2023-11-27 19:10:07 ET
Summary
- General Motors' growth strategy of autonomous robotaxis appears uncertain due to safety concerns and the resignation of Cruise's CEO.
- The company's plan to produce thousands of Origin vehicles for its Cruise subsidiary has been scaled back.
- GM is still committed to self-driving technology but must address safety and regulatory issues to achieve its revenue goals.
- Financial update scheduled for Nov. 29 could reveal strategic shift.
The past several months have clarified the reality that U.S. car buyers are a lot less interested in buying battery-powered electric vehicles than automakers – General Motors Co. ( GM ) prominently among them – have been counting on for the past several years.
Now, another leg of GM’s growth strategy appears shaky: Autonomous robotaxis, which were expected to help raise the company’s annual revenue to $280 billion by 2030 from the current annual run rate of roughly $172 billion on a trailing twelve-month basis.
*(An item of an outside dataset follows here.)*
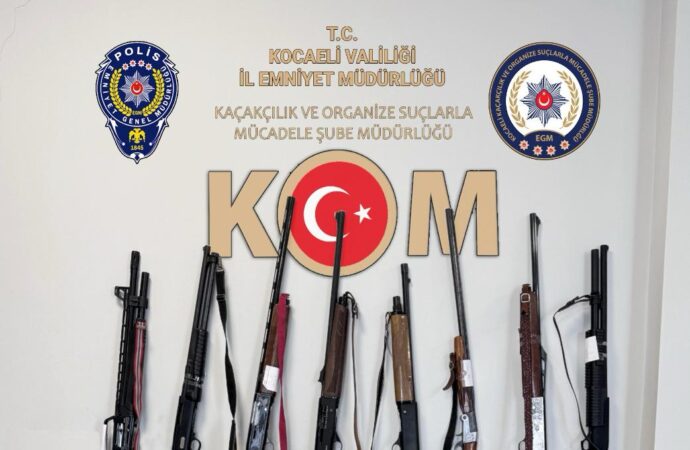 Kocaeli ilinde gerçekleştirilen operasyonda, silah kaçakçılığı yapan şüphelilere yönelik 15 kişi gözaltına alındı.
A year ago, GM said it would be producing “thousands” of Origin vehicles for its Cruise subsidiary so the robotaxi company could expand operations in San Francisco, Austin and Phoenix and eventually other U.S. cities. That plan has been scaled back in the wake of safety concerns over Cruise’s self-driving technology and the forced resignation of the company’s CEO and co-founder, Kyle Vogt.
Look ma, no hands
Origin is an unusual vehicle in that it has no controls such as a steering wheel or accelerator – it's designed to operate as a commercial passenger-carrying or package-carrying robot.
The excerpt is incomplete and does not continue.